Zeducation Supplement

Dream:

Trotting north, I pass a church out of which emerge, one at a time, a series of dogs, each a different size/breed, which hilariously storm across to another building, but finding it closed, return to the church, but can't get in the door.These are some spazzy, entertaining dogs!

I'm running on this dirt trail and in my mind I hear a poem or melody, How does the child know . . . ? I have a vague sense that there's someone running behind me, so I keep the pace up.

I pass into a subway station, take the train for a few stops, emerge—get back on that dirt trail, which occasionally has a rivulet of crystalline but greenish water running down the center.

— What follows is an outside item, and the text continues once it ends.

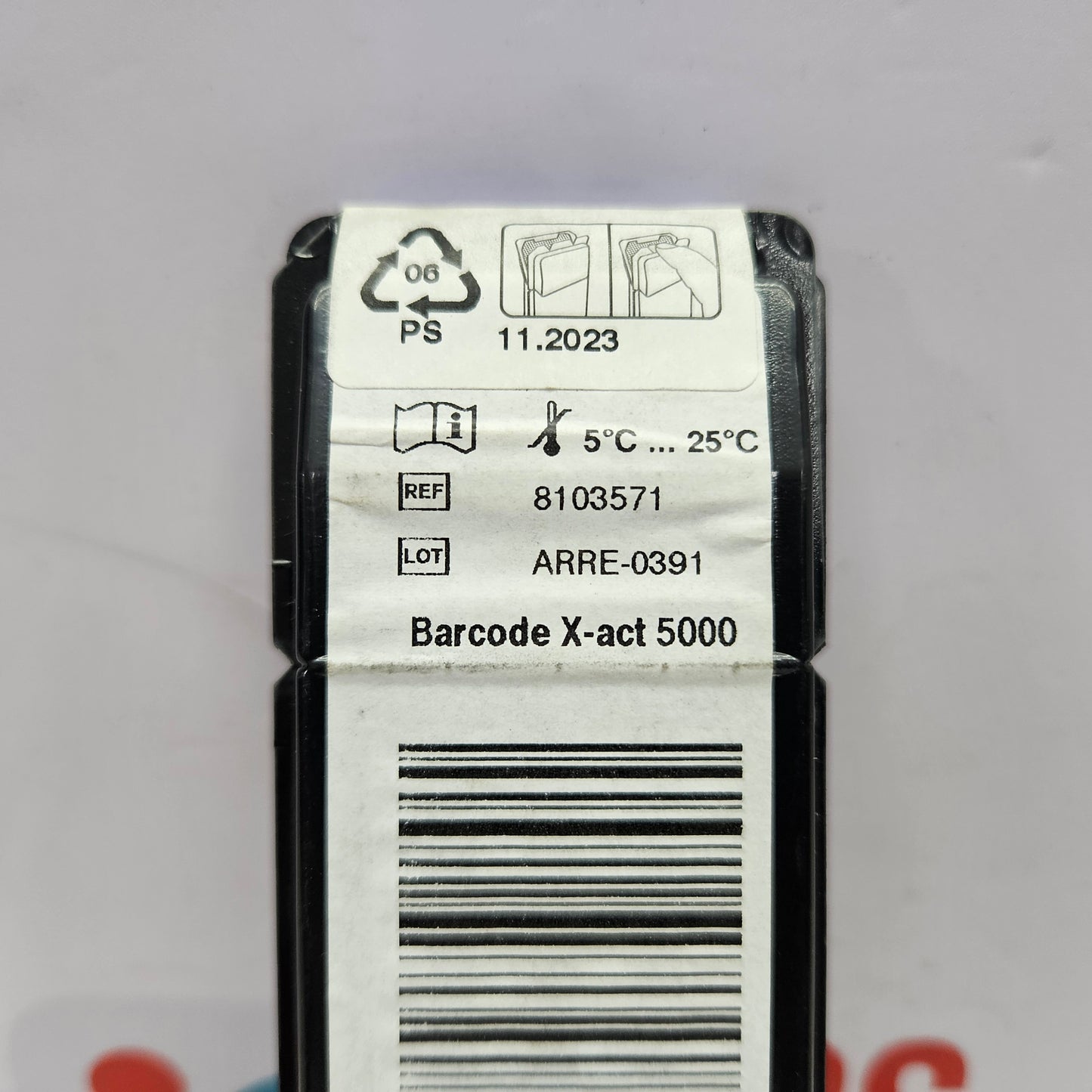 Drager 8103571 Hydro Carbon 0.1/C Gas Detection Tube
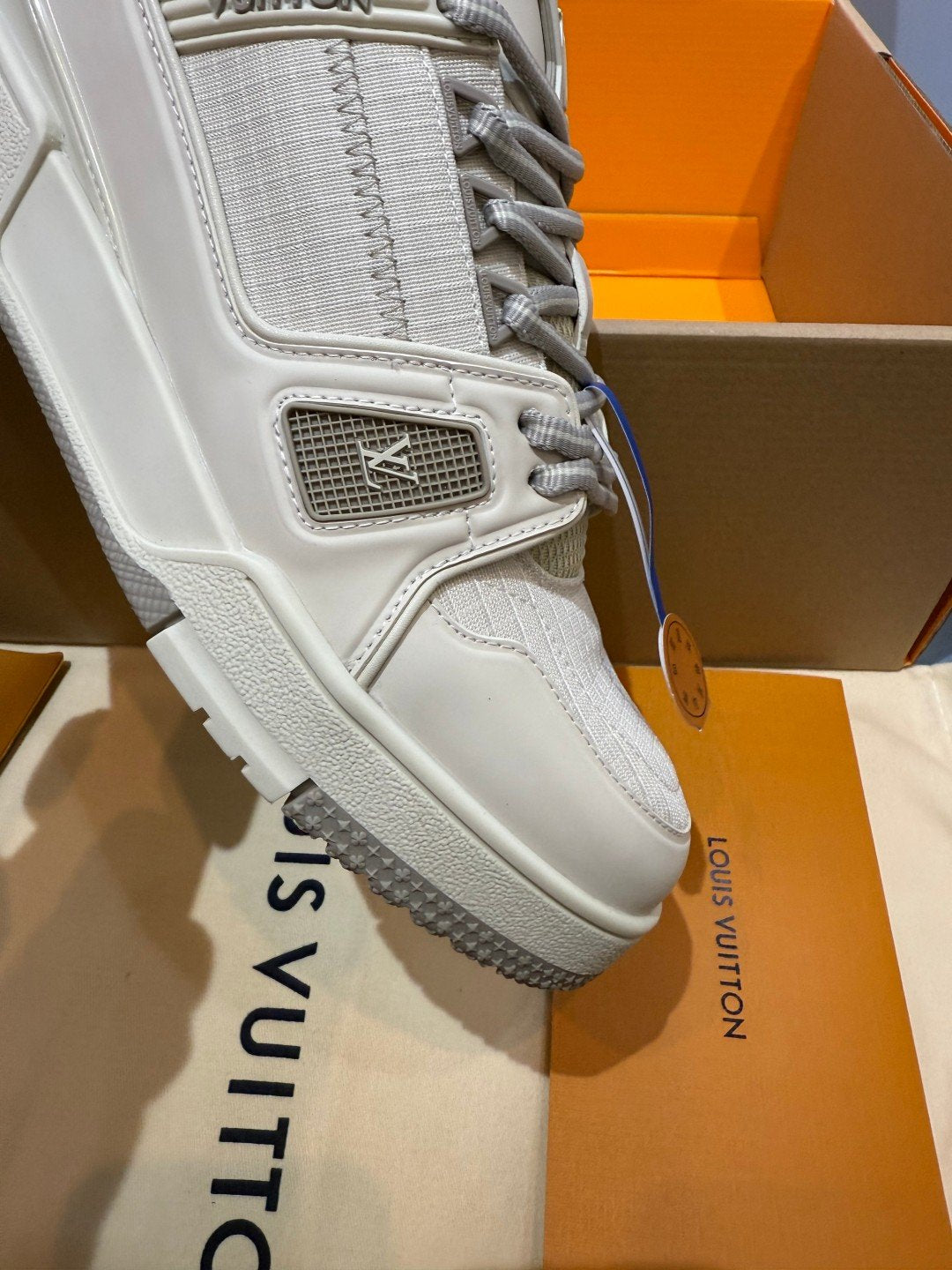 Sneakers Trainer 'Gris Perle' — vue 13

The trail goes up a hill. There's been narration in my head the whole time, morphing from the old poem to something like right-wing radio: They say they have 5 million rogue warriors . . . well, we've got 5 million road warriors.

* * *

The spelling bee on Thursday night was fascinating—I thought my interest in the—sport? recreation?—ended with the excellent Spellbound, but this was riveting: the different methods of the spellers (writing the word out with a finger on an arm), good-luck charms, the questions asked (Can I have a definition?), sometimes repeatedly . . . In the final round it was down to three girls, one of whom had been mistakenly eliminated after spelling hechscher correctly (the judges' word list was wrong) and brought back. The championship list of 25 words was brought out. The very composed hechscher finalist was eliminated (for real), and then it was down to an Edmontonian and a New Jerseyite. The girl from Edmonton (who I originally took to be Hawaiian) seemed to be cruising almost effortlessly—perhaps thanks to country-mandated French instruction? But then she tripped, unaccountably, on weltschmerz—the judge's definition was perhaps too droll, too foreboding, and drew an audience chuckle that might have distracted the contestant. She kicked it off with a v instead of a w; charmingly and appropriately, the last letter she gave was "zed."

The New Jerseyite got her next word, and was triumphant with the redolent ursprache, meaning something like (again appropriately!) a language of origin arrived at by analysis of later languages.

* * *

This is all a way to avoid talking about the injury-incurring Sabres' seventh-game loss to Carolina that same night. Arlo will bring us the post-mortem soon.